PROBLEM TO SOLVE: Copy all of the data below without altering a single line.

AVAILABLE DATA:
Start of Block
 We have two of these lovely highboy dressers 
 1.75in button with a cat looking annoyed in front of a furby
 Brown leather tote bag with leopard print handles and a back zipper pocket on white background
End of Block
EXERCISE ANSWER:
 We have two of these lovely highboy dressers 
 1.75in button with a cat looking annoyed in front of a furby
 Brown leather tote bag with leopard print handles and a back zipper pocket on white background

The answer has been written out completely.